As every project and especially young projects, Lithia has bugs. But as Lithia is a programming language, it should be tested very thoroughly. If you find a bug, please report it in the Issues section. Please make sure to include a minimal example that reproduces the bug.
Lithia is still in its early stages and it's still evolving and tries to find its way of getting things done. You don't have to start with a whole evolution proposal and a PR or even the implementation. Opening an issue or discussion gets things going. You can also help to improve existing proposals or drafts.
Currently the documentation is rough and currently only consists of the README, the proposals, the examples and generated stdlib docs.
What's missing are tutorials, guides and a reference. But also a website would be nice. If you are interested in this topic, open an issue, discussion or directly a pull request with your changes, e.g. if you found tpyos typos.
Lithia is written in Go, uses Tree-Sitter for parsing, has an VSCode extension in Typescript and an embedded language server in Go. You could contribute to any of these topics and more. Details about the architecture can be found in the Architecture section.
Lithia is tested with Go's testing framework and Tree-Sitter's testing framework. We use GitHub Actions to run the tests on every push and pull request. The stdlib itself is tested in Lithia.
Nobody is perfect and code isn't either. Feel free to review pull requests and give feedback. If you don't understand specific changes, just ask. The issue might be the code or the documentation.
If you wrote some code with Lithia, we'd like to link to it! Open a pull request with your changes to the README and we'll merge it. If you want to have some feedback and code review, head to the Discussions and we will have a look at it.
Lithia consists of multiple projects:
- The grammar is written in Tree-Sitter and lives in its own repository: vknabel/tree-sitter-lithia.
- The VSCode extension is written in Typescript and lives in its own repository.
- The core of Lithia is written in Go and lives in this repository.
- The language server protocol implementation, which also lives in this repository.
We try to keep as much as possible within this repo and easy to install. This repository is structured as follows:
- The parser is written in Go produces an Abstract Syntax Tree (ast) from the Tree-Sitter output.
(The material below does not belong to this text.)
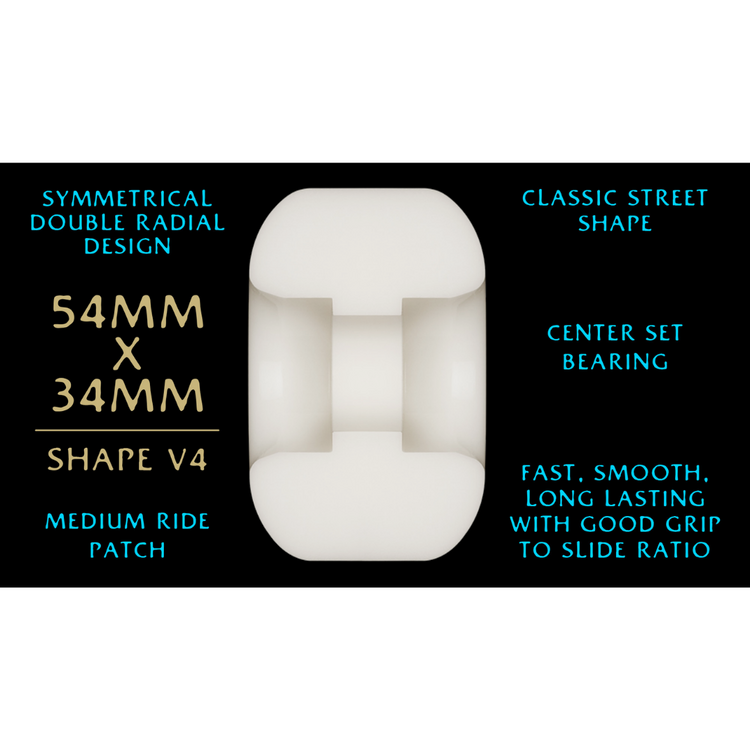 Powell Peralta POWELL PERALTA - DRAGON FORMULA WHEELS V4 97A BLUE (54MM X 34MM)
- The interpreter is implemented in runtime and executes the AST.
- Extensions to Lithia that are not part of the runtime core can be found in external. They resemble the names of the standard library modules.
- Most types and code is implemented in the stdlib. It is written in Lithia itself and is tested with the stdlib-tests.
- The language server is implemented in langsrv. It is the intelligent backend for the VSCode extension.
The easiest way to get started is using the devcontainer configured in this repository. It will install all dependencies and start a VSCode instance with the extension installed. You can then run the tests and debug the extension. The devcontainer is configured to run Lithia using go run ./app/lithia
.
So if you restart the vscode extension, window, devcontainer or the extension host, it will automatically recompile the lithia binary for you and you will get the latest language server implementation.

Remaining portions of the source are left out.